Hello, dear friend, you can consult us at any time if you have any questions, add WeChat: daixieit

COSC 578 Midterm Exam (S2021)

March 24, 2021

Rule: It is an open book and open internet exam. But you are not allowed to discuss with any human in any manner.

Duration: 75 Minutes.

Q1. Bias-Variance Decomposition. [40 points]

1a) What is Bias-Variance Decomposition?

1b) Make use of Example 2.2.6 in SI textbook to derive details of Bias-Variance Decomposition in Equation 7.9 in ESML textbook.

1c) What is Bias-Variance tradeoff?

1d) Use an example ML algorithm to explain Bias-Variance tradeoff.

Q2. Evaluation. [30 points]

You recently read a paper. In its “Experimental Setup” section, it wrote:

“The TREC Web Track 2012 dataset consists of web queries and relevance judgments from the ClueWeb09-B document collection. We use relevance judgments from 2012 for test and the ones from 2011 for validation. The relevance judgments available from the remaining years of the TREC Web Track, i.e., 2009, 2010, 2013, and 2014 are used for training. Note that, while the TREC Web Track 2009–12 have been evaluated on the ClueWeb09-B document collection, the TREC Web Track 2013–14 have been evaluated on the ClueWeb12 document collection.”

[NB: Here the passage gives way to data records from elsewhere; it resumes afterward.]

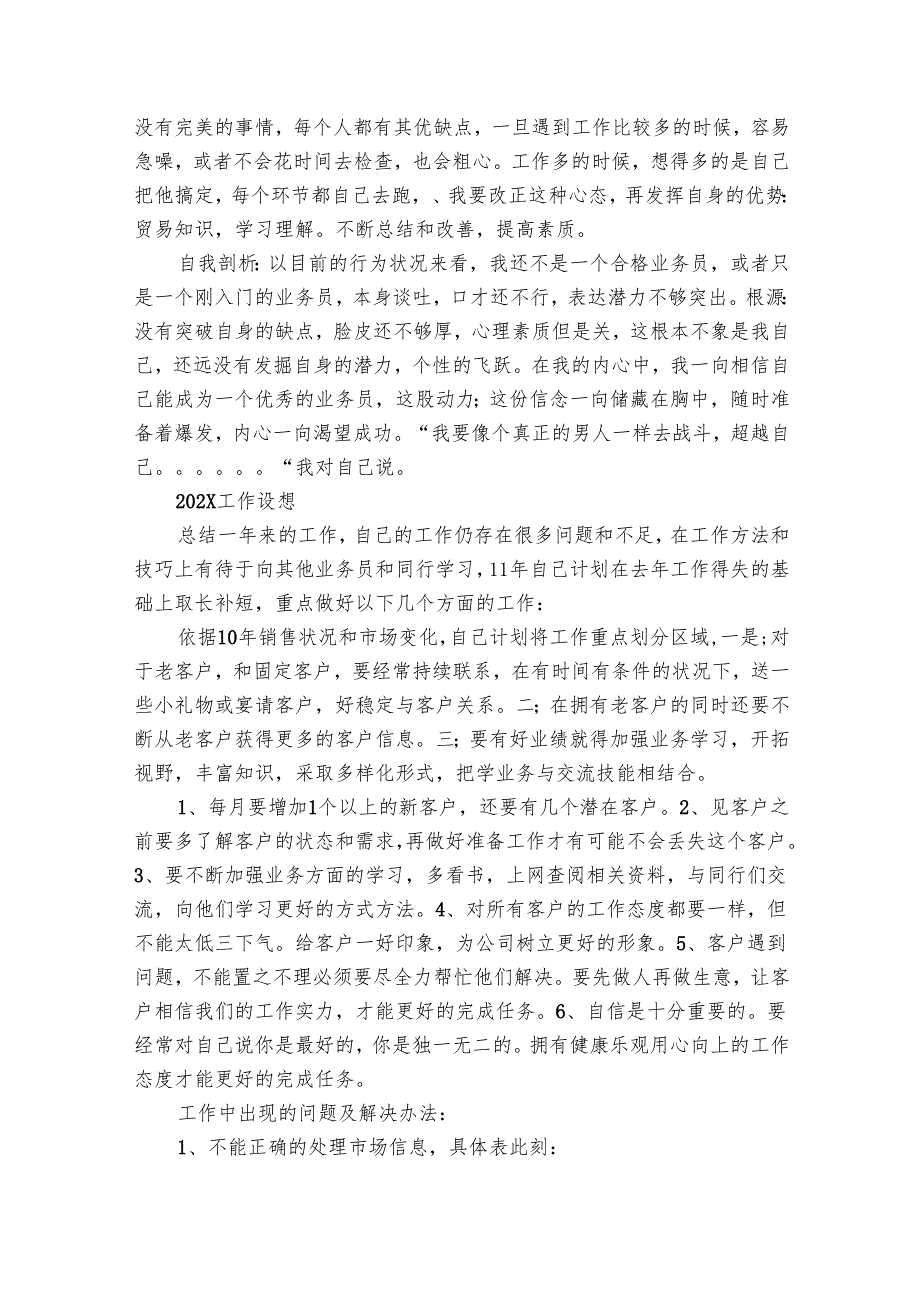 最新营销工作总结范文（14篇）.docx_第3页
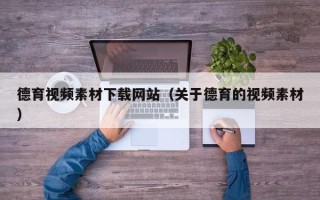 中国香港德育视频素材下载网站（关于德育的视频素材）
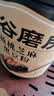 五谷磨房黑芝麻糊五黑粉无糖核桃芝麻黑豆粉代餐粉600g【买3赠搅拌杯】 实拍图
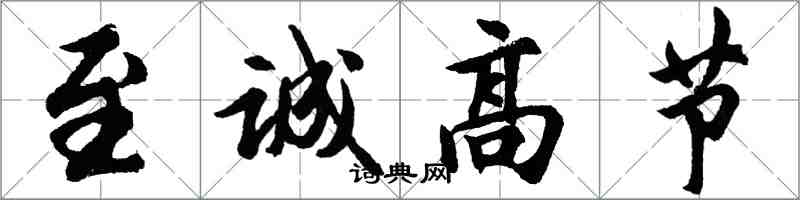 胡问遂至诚高节行书怎么写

2a) Is there any problem with this experimental setup? What is the problem? Explain in details.

2b) If you are asked to fix the issue and re-design the experiments, what you will do? List all correct methods that you know.

2c) Detail their mathematical formulations, and

2d) Compare their pros and cons.

Q3. Model Complexity. [30 points]

The figure below shows expected perfection error (orange), squared bias (green) and variance (blue) for two regression methods, k-NN and Linear regression, respectively.

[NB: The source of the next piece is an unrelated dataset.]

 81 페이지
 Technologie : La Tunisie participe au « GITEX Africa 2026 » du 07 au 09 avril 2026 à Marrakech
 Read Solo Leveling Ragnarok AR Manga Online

3a) What is the relationship among the three curves?

3b) As k increases, what do you observe? Why is it so? Justify your answer.

3c) As p increases, what do you observe? Why is it so? Justify your answer.

The figure below shows expected perfection error (orange), squared bias (green) and variance (blue) for two classification methods, k-NN and Linear classification, respectively.

3d) What is the relationship among the three curves in the new figure?

3e) What is different between the two figures? Why is it so? Justify your answer.